# The Weather???



## MaidenScotland (Jun 6, 2009)

What is going on... yet another sandstorm!!


----------



## aykalam (Apr 12, 2010)

MaidenScotland said:


> What is going on... yet another sandstorm!!


huh? where?


----------



## MaidenScotland (Jun 6, 2009)

In El Agouza.. the wind is howling, shutters are closed but I can still taste the dirt.


----------



## aykalam (Apr 12, 2010)

MaidenScotland said:


> In El Agouza.. the wind is howling, shutters are closed but I can still taste the dirt.


That's incredible, not a single tree leave is moving here...it's cold though.

That reminds me, big storm yesterday, some people were saying they saw snow  in Cairo.
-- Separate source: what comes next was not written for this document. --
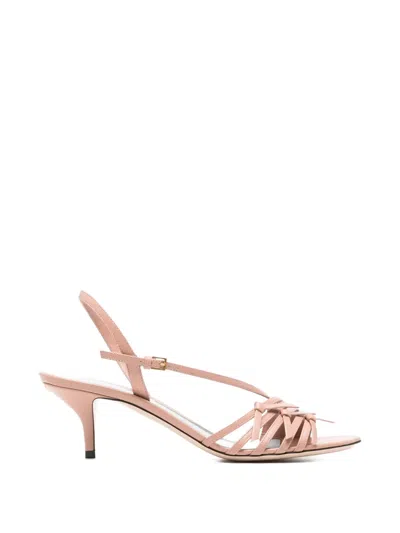 Valentino Garavani Nodine Leather Sandals In Pink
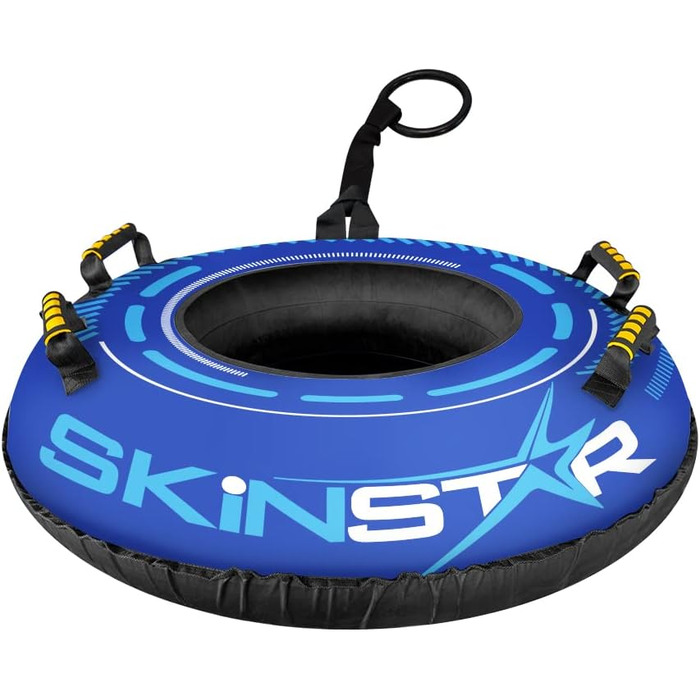 Сноутюбінг SkinStar Cross 70 см, надувні санки-коло для снігу, сині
I did not believe them though, I'm convinced they don't now the difference between snow and hail stone :smow:

I quite like Egypt in winter


----------



## MaidenScotland (Jun 6, 2009)

We had snow last year or was it the year before in Zamalek plus we had some hail.
Only lasted minutes and was all gone in 20


----------



## King.Tut (Jan 12, 2011)

It's been quite windy over here in Sharm the past few days, today's been better though, a nice 20 degrees


----------



## Sonrisa (Sep 2, 2010)

We had rain in Maadi yesterday and today!

I LOVE RAIN.


----------



## DeadGuy (Jan 22, 2010)

Light showers, COLD wind; last night, and for the third time this season, it dropped somewhere near -2 where I "live" and yes I LOVE cold 

The sun is STILL bloody burning though :confused2:

Unfortunately, today on my way on one of the main roads to a nearby city, at least 14 accidents due to the slippery roads, 4 of which were major accidents


----------